La Commission européenne a publié une Etude sur l'évaluation du Règlement (UE) 2019/1150 dit « Règlement P2B » désormais applicable depuis le 12 juillet 2020.

Cette étude avait pour objectif d'étudier l'effectivité de la règlementation deux ans après son entrée en vigueur.

Les constats réalisés aux termes de cette étude sont peu optimistes. La Commission européenne souligne une mise en Suvre inégale et insuffisante des exigences tirées du Règlement P2B par les opérateurs de plateforme.

Selon cette dernière, le faible niveau de sensibilisation au respect de la règlementation et le manque d'application effective ont été identifiés comme les principales causes du constat de la Commission européenne.

L'analyse de cette étude est pour vous l'occasion de faire le point : Etes-vous à jour du Règlement P2B ?

Précisons qu'en France, le non-respect des obligations posées par le règlement P2B est considéré comme une pratique restrictive de concurrence, pouvant donner lieu à une amende susceptible d'aller jusqu'à 5 millions d'euros ou 5% du chiffre d'affaires HT réalisé en France.

A qui s'applique le Règlement Platform to Business (P2B) ?
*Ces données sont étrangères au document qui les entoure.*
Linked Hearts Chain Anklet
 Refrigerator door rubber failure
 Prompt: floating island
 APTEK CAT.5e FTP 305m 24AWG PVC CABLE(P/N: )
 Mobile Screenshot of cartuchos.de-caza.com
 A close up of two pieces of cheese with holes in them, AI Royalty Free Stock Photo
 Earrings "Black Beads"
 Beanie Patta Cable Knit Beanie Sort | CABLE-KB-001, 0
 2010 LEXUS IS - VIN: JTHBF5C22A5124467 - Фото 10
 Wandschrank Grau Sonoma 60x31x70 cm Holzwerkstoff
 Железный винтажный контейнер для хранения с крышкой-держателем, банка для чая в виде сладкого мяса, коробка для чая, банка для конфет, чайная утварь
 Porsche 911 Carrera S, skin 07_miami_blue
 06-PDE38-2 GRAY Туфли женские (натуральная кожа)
Le Règlement P2B s'applique aux services d'intermédiation en ligne (notamment aux marketplaces et plateformes numériques) et aux moteurs de recherche fournis à des entreprises utilisatrices (des professionnels) qui, au travers de ces services d'intermédiation en ligne, proposent des biens ou services à une clientèle de consommateurs situés dans l'Union Européenne.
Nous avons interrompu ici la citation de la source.